Cc: stable@vger.kernel.org Reported-by: pa@panix.com Tested-by: pa@panix.com Signed-off-by: Alexander Wetzel alexander@wetzel-home.de
Pierre Asselin (pa@panix.com) reported a kernel crash in the Gentoo forum: https://forums.gentoo.org/viewtopic-t-1147832-postdays-0-postorder-asc-start... He also confirmed that this patch fixes the issue.
In summary this happened: After updating wpa_supplicant from 2.9 to 2.10 the kernel crashed with a "divide error: 0000" when connecting to an AP. Control port tx now tries to use IEEE80211_AC_VO for the priority, which wpa_supplicants starts to use in 2.10.
Since only the rtl8187se part of the driver supports QoS, the priority of the skb is set to IEEE80211_AC_BE (2) by mac80211 for rtl8180/rtl8185 cards.

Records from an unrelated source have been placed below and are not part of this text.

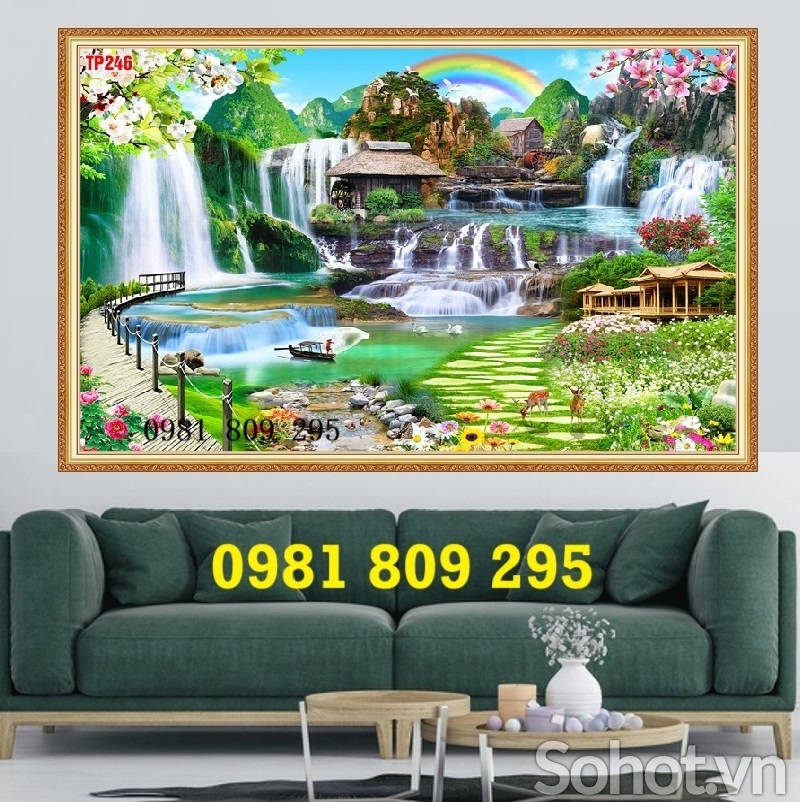 Tranh gạch ngôi nhà thác nước Hn882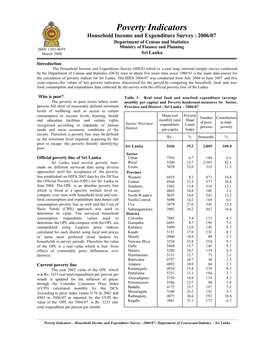 Poverty Indicators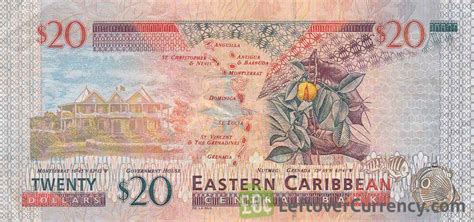 20 Eastern Caribbean dollars banknote series 2000 - Exchange yours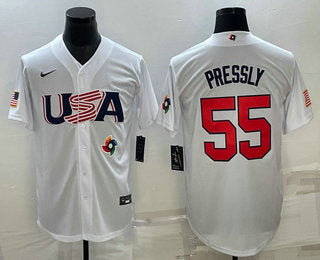 USA Ryan Pressly USA Baseball white Classic jersey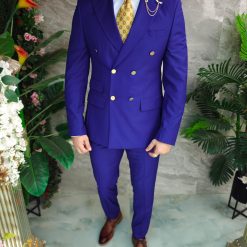 Costum indigo Sacou si Pantalon 80 lana C4988 3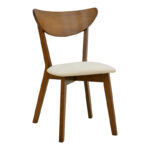 Chair Canon wlanut rubberwood with ecru fabric 43x52x83.5cm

rtl8180 is then unconditionally reading out the priority and finally crashes on drivers/net/wireless/realtek/rtl818x/rtl8180/dev.c line 544 without this patch: idx = (ring->idx + skb_queue_len(&ring->queue)) % ring->entries
"ring->entries" is zero for rtl8180/rtl8185 cards, tx_ring[2] never got initialized.
All this after "---" line is very useful information but the actual commit log is just two sentences. I would copy all to the commit log. We don't need to limit the size of the commit log, on the contrary we should include all the information in it.
I see what you mean, fine for me. If you prefer I can also make an update but feel to handle that at your convenience. If you e.g. see a better way to do that drop the patch and simply submit your version.
While I spent some time figuring out how QoS is intended to work and I'm pretty sure I finally got the outline it I'm still wondering why we never set the priority for skb's on the normal transmit path.
Obviously the idea is to keep the queue from whoever set it prior to us and just overwriting it with good reason.
I plan to look a bit more into that, especially since Pierre's system was working when wpa_supplicant is not using control Port. Thus skb_get_queue_mapping() must return zero - or max one - on that path. That only makes sense when the network subsystem knows that QoS is not supported and is not bothering to set the queue. (Or if we would map zero to IEEE80211_AC_BE, but we are not handling it that way)
It basically drills down to the fact that we only call _ieee80211_select_queue() on the normal tx path for drivers supporting wake_tx_queue. I would have expected that call to be done for all drivers. (Or at least all drivers supporting QoS.)
So there is either a strange bug or - so far more likely - some serious gap in my still evolving understanding of QoS.